Name	Name	Last commit message	Last commit date
parent directory ..
README.md	README.md

7_ Big Data

Big Data refers to extremely large data sets that may be analyzed computationally to reveal patterns, trends, and associations. It involves the storage, processing, and analysis of data that is too complex or large for traditional data processing tools.

1_ Map Reduce fundamentals

MapReduce is a programming model for processing and generating big data sets with a parallel, distributed algorithm on a cluster. It consists of a Map procedure that performs filtering and sorting, and a Reduce method that performs a summary operation.

2_ Hadoop Ecosystem

The Hadoop Ecosystem refers to the various components of the Apache Hadoop software library, as well as the accessories and tools provided by the Apache Software Foundation for cloud computing and big data processing. These include the Hadoop Common, Hadoop Distributed File System (HDFS), Hadoop YARN, and Hadoop MapReduce.

3_ HDFS

HDFS (Hadoop Distributed File System) is the primary storage system used by Hadoop applications. It creates multiple replicas of data blocks and distributes them on compute nodes throughout a cluster to enable reliable, extremely rapid computations.

4_ Data replications Principles

Data replication is the process of storing data in more than one site or node to improve the availability of data. It is a key factor in improving the reliability, speed, and accessibility of data in distributed systems.

5_ Setup Hadoop

This section covers the steps and requirements for setting up a Hadoop environment. This includes installing the Hadoop software, configuring the system, and setting up the necessary environments for data processing.

6_ Name & data nodes

In HDFS, the NameNode is the centerpiece of an HDFS file system. It keeps the directory tree of all files in the file system, and tracks where across the cluster the file data is kept. DataNodes are responsible for serving read and write requests from the file system's clients, as well as block creation, deletion, and replication upon instruction from the NameNode.

7_ Job & task tracker

JobTracker and TaskTracker are two essential services or daemons provided by Hadoop for submitting and tracking MapReduce jobs. JobTracker is the service within Hadoop that farms out MapReduce tasks to specific nodes in the cluster. TaskTracker is a node in the cluster that accepts tasks from the JobTracker and reports back the status of the task.

8_ M/R/SAS programming

This section covers programming with MapReduce and SAS (Statistical Analysis System). MapReduce is a programming model for processing large data sets with a parallel, distributed algorithm on a cluster, while SAS is a software suite developed for advanced analytics, multivariate analyses, business intelligence, data management, and predictive analytics.

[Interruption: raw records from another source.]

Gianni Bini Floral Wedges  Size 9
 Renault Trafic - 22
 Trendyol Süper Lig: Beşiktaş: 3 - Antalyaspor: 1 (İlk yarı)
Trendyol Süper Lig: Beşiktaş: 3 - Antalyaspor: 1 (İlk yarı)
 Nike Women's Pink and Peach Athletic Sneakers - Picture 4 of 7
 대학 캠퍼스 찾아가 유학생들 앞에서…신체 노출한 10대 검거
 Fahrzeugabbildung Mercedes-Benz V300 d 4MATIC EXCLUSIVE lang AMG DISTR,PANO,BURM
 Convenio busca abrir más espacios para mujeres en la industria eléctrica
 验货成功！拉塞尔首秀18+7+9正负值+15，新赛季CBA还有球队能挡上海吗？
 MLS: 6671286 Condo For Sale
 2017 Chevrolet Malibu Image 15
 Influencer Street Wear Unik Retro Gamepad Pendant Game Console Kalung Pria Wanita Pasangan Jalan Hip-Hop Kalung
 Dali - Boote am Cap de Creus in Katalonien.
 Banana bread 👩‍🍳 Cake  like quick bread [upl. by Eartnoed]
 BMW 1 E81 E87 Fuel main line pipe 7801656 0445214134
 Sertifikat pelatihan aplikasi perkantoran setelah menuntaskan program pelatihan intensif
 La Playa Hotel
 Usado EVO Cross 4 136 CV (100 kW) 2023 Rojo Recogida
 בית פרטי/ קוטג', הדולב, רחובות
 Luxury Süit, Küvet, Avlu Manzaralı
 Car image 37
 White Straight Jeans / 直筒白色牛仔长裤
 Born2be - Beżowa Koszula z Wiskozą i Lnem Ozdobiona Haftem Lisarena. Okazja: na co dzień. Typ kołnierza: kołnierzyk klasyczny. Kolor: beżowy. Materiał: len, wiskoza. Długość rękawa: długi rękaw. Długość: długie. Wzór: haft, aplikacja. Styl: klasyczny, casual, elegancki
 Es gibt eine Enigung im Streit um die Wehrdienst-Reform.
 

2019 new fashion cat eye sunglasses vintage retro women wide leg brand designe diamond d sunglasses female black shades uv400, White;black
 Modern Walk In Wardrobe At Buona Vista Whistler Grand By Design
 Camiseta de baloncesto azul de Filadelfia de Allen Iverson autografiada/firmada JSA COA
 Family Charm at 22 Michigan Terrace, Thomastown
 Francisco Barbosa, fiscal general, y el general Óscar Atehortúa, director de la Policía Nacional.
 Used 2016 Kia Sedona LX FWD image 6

9_ Sqoop: Loading data in HDFS

Sqoop is a tool designed to transfer data between Hadoop and relational databases. You can use Sqoop to import data from a relational database management system (RDBMS) such as MySQL or Oracle into the Hadoop Distributed File System (HDFS), transform the data in Hadoop MapReduce, and then export the data back into an RDBMS.

10_ Flume, Scribe

Flume and Scribe are services for efficiently collecting, aggregating, and moving large amounts of log data. They are used for continuous data/log streaming and are suitable for data collection.

11_ SQL with Pig

Pig is a high-level platform for creating MapReduce programs used with Hadoop. It is designed to process any kind of data (structured or unstructured) and it provides a high-level language known as Pig Latin, which is SQL-like and easy to learn. Pig can execute its Hadoop jobs in MapReduce, Apache Tez, or Apache Flink.

12_ DWH with Hive

Hive is a data warehouse software project built on top of Apache Hadoop for providing data query and analysis. Hive gives an SQL-like interface to query data stored in various databases and file systems that integrate with Hadoop.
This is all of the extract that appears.